Two worthy programs to participate in this year or mark on your calendar for next year.
Monday is the last day for this year, so it’s not too late to take part in a citizen science project that will help scientists answer questions about bird populations (of not just North America, but the entire world), such as “What kinds of differences in bird diversity are apparent in cities versus suburban, rural, and natural areas?” This relates to a common early childhood question, “How are they the same and how are they different?” You and your students can be part of the Great Outdoor Bird Count!
Today through Monday, February 18, we invite you to be part of this massive citizen-science effort. Join tens of thousands of fellow bird watchers from around the world by counting birds and submitting your checklists to www.birdcount.org. Simply watch birds for at least 15 minutes at any location and tally the number of each bird species you see. Submit a new checklist for each day and for each new location. You can count in as many locations as you like. Just be sure to enter a new list for each site.
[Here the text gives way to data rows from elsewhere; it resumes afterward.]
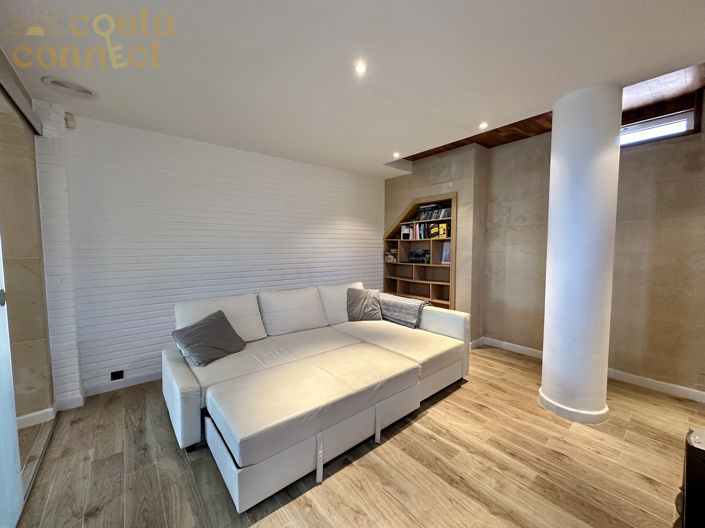 Image No.34-4 Bed Villa for sale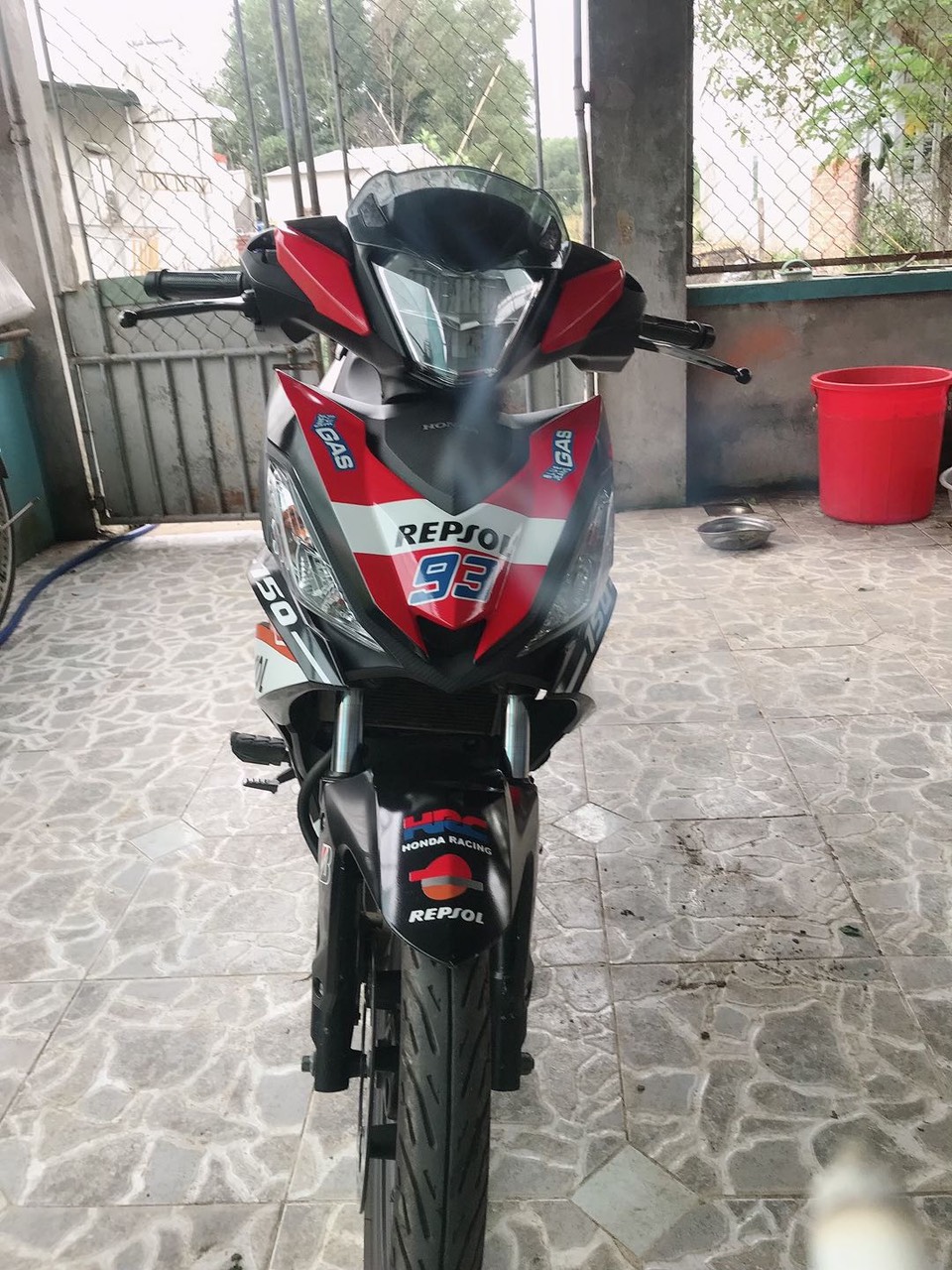 KÍNH CHẮN GIÓ ZHIPAT ĐẦU ĐÈN EX2010 4S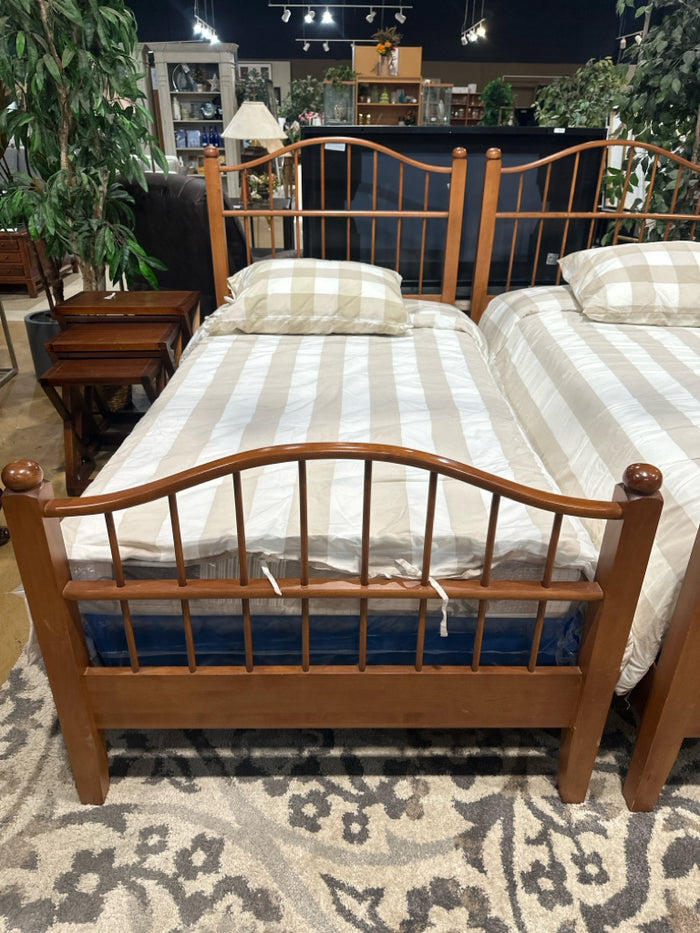 Solid Maple Single Bed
You can submit your data any time during the count and afterward until March 1 so you can count today (Sunday) and tomorrow, and submit your data later in the week or next.
National Engineers Week
“Celebrate Awesome” February 17-23 during National Engineers Week!
- download posters,
- read about engineering,
- use the 2012 Framework for K-12 Science Education to see how science and engineering practices are side-by-side in developing the Next Generation Science Standards due out this year,
- learn from Engineering is Elementary why we should teach engineering to children,
- and set your young engineers to work on a real life problem—maybe designing a bird feeder or water source!
Sorry for the late notice about these two worthwhile programs. I was preparing to present and then attending my state –AEYC conference, the very worthwhile Virginia Association for Early Childhood Education’s conference, Building Bridges Creating Connections (how engineering is that!?). I participated in several STEM sessions and presented on using ramps to promote children’s investigation into science and engineering concepts. Thank you to all the volunteers who made it such a valuable experience.